Manche*r wird einwenden, das sei Wunschdenken und hinterher sei man immer schlauer. Es ist richtig, dass im Laufe des Jahres 2020 die Erkenntnisse über das Corona-Virus ständig zunahmen und manche Maßnahmen, die wie hier ausgeführt haben möglicherweise nicht am Tag 1 der Pandemie hätten ergriffen werden können, weil die Erkenntnisse über das Virus noch nicht ausreichten.

Klar muss aber sein, dass eine Politik, die die Interessen der Arbeiter*innenklasse und damit des Gesundheitsschutzes der gesamten Bevölkerung zum Ausgangspunkt genommen hätte (statt der Aufrechterhaltung der Profite für die Kapitalistenklasse) die Pandemie in einer ganz anderen Art und Weise hätte eindämmen können als es die Politik der Großen Koalition getan hat.

Dazu notwendig wäre es gewesen, massiv in die Privatwirtschaft einzugreifen und das gigantische Vermögen der Multimillionär*innen und Milliardär*innen heranzuziehen.
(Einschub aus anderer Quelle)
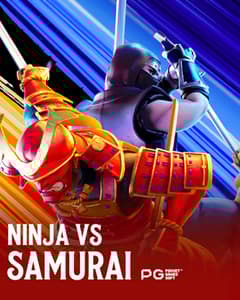 Ninja vs Samurai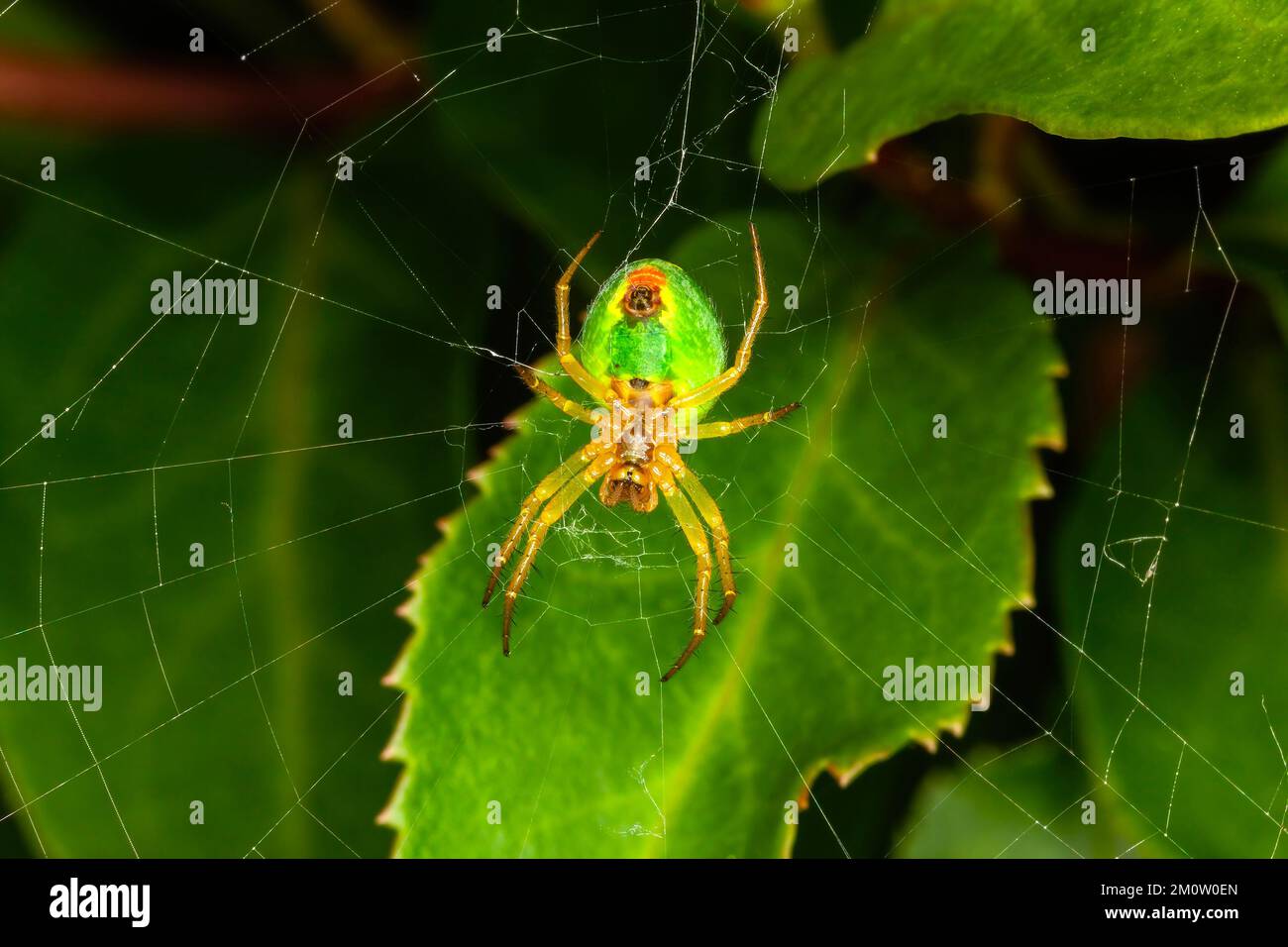 Araignée verte de concombre (araniella cucurbitina) au printemps qui est une araignée verte de jardin commune qui attrape sa proie d'insecte de mouche en construisant une soie Banque D'Images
Unmittelbar hätte eine sozialistische Regierung eine einmalige Corona-Abgabe von dreißig Prozent auf Vermögen ab einer Million Euro zur Finanzierung der nötigen Maßnahmen erhoben. Das hätte 480 Milliarden Euro freigesetzt. Ebenso hätten die 44 Milliarden Euro, die als Dividenden von den großen Aktiengesellschaften ausgeschüttet wurden konfisziert werden können, wobei Kleinaktionär*innen selbstverständlich von ausgenommen worden wären. 

Gleichzeitig hätte eine sozialistische Regierung die Krise tatsächlich als Chance genutzt, um die Gesellschaft umzubauen. Angefangen mit der Einführung eines stark progressiven Steuersystems, das Lohnabhängige, unter anderem durch die Abschaffung der Massensteuern entlastet, und die Reichen und Superreichen durch Vermögenssteuer und Erhöhung der Steuern auf Unternehmensgewinne stärker herangezogen hätte. Der durch solche Maßnahmen zu erwartende Widerstand des Kapitals (zum Beispiel in Form von Kapitalflucht und Investitionsstreiks) hätte durch eine sozialistische Regierung entschlossen gebrochen werden müssen. Wie? Durch die Mobilisierung der Arbeiter*innenklasse für weitergehende Maßnahmen wie die Überführung der großen Banken und Konzerne in Gemeineigentum unter demokratischer Kontrolle und Verwaltung der arbeitenden Bevölkerung. So hätte die Corona-Krise tatsächlich als Chance genutzt werden können, auf der Basis der durch sie ausgelösten Solidarität in der Arbeiter*innenklasse und der Einführung demokratischer Kontroll- und Verwaltungsmechanismen in der Pandemiebekämpfung die sozialistische Veränderung der Gesellschaft einzuleiten. Sozialismus als bestes Mittel des Gesundheitsschutzes in Zeiten der Pandemie – die Unterstützung in weiten Teilen der Arbeiter*innenklasse hätte sich eine solche Regierung zweifellos erarbeiten können. Und sie hätte international ein Beispiel geben und zur Nachahmung auffordern können. 

Eine sozialistische Regierung wird aber nicht vom Himmel fallen oder plötzlich aus einer Bundestagswahl hervorgehen. Sie kann nur durch den Aufbau einer sozialistischen Massenpartei und kämpferischer Gewerkschaften, durch Selbstorganisation und Massenmobilisierungen Realität werden. Der Kampf dafür fängt heute an. 

Jetzt handeln!

Für gewerkschaftliche Proteste

Die in diesem Artikel ausgeführten Maßnahmen, die eine sozialistische Regierung hätte ergreifen können, sollten zur Basis für ein Konzept für eine alternative Corona-Politik im Interesse der Arbeiter*innenklasse durch Gewerkschaften und die Partei DIE LINKE gemacht werden. Der Schulterschluss mit Regierung und Kapital bzw. die handzahme Kritik muss ein Ende haben. Das Feld darf nicht den rechten Corona-Leugner*innen und Covidiot*innen überlassen werden! Gewerkschaften und LINKE müssen eine Aufklärungs- und Mobilisierungskampagne starten, um effektive Maßnahmen der Corona-Bekämpfung durchzusetzen, die von den Superreichen, Banken und Konzernen finanziert werden müssen. 

Sascha Staničić ist Bundessprecher der Sol und Mitglied der Redaktion der „Solidarität“.